# "Plumbing protects the health of the nation"



## PLUMBER_BILL (Oct 23, 2009)

*Fast forward to last evening and a bit of personal history.
In my house there are 2 toilets, both Kohler's -- both comfort height, both one piece, one flushes on 1.6 the other 1.28. Now back to the title!
It has always been easier to take a crap on the 1.6 which included a seat in the box [from Kohler] and I did not know why until I watched SharkTank last evening, the reason is the toilet seat on the 1.6 "French Curve" By this time you are probably thinking WTF is this all about is Parr nuts? **http://www.squattypotty.com/ *
*The little valve at the end of your colon likes to be relaxed a little more than sitting there allows. The french curve seat forces a little more curvature, they must have done their home work as they did mention that 2/3 's of the worlds people squat -- hence the Binjos style of toilets. The lady from QVC on the show advanced a line of credit of $700,000 @ 10% for the product.*


----------



## fixitright (Jan 5, 2012)

First saw one on a Two and a Half men episode.

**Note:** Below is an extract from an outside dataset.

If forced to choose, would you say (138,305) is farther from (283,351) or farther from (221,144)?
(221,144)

The Bamboo version would be hard to sanitize.

Funny the big box stores don't have something similar out yet.


----------



## The Dane (Feb 19, 2015)

My wife first told me about it and she has wanted one but has just used a small stepstool so far. Me being 6'6" should probably not have a problem.


----------



## paultheplumber1 (May 1, 2014)

French curve seats have been around as far as I go back. At least to the 80s maybe older. I have a couple old stock in harvest gold to prove it.


----------



## sierra2000 (Sep 19, 2011)

I've had one for about two months now. Took a week or two for me to be able to determine its beneficial.


----------



## saysflushable (Jun 15, 2009)

You guys think that is something just Wait until you start useing water instead of toilet paper.


----------



## sierra2000 (Sep 19, 2011)

I already quit using tissue and wipes, I just go then pull up my pants when I'm done and offend everybody I walk near.


----------



## saysflushable (Jun 15, 2009)

sierra2000 said:


> I already quit using tissue and wipes, I just go then pull up my pants when I'm done and offend everybody I walk near.


 You will see. Just do yourself a favor and find out sooner than later. It truelly can change the health of our nation. 

Its only water


----------



## paultheplumber1 (May 1, 2014)

I've installed a spray that attaches to the toilet supply for a customer before. She loved it. It wasn't even tempered water either.


----------



## The Dane (Feb 19, 2015)

I installed a spray on the toilet supply that hangs off the tank. The spray is meant for my wife to spray off our sons cloth diapers in the toilet so there won't be a ton of baby poop going in the washer when she washes the diapers. I would never have thought it could be used as a manual bidet.


----------



## Plumbus (Aug 4, 2008)

In some regions of Southeast Asia the infrastructure can't handle tissue paper. Their solution is to use a bum gun. It's a sink hand spray connected to the toilet supply. You blast away then use a minimal amount of paper to wipe up which, when done, you deposit in a waste basket_. _It takes some getting used to, but the results are the same. Fortunately, ambient water temp there is tepid.


----------



## saysflushable (Jun 15, 2009)

I have old ladies and little kids using cold water to get clean. No complaints. No complaints from myself either.

Trust me water is way better.


----------



## paultheplumber1 (May 1, 2014)

My Customer had said she saw it while in Europe. When I asked my supply house guys the thought I was crazy. I ended searching for it on amazon. I think it was around 15 bucks with free prime shipping.


----------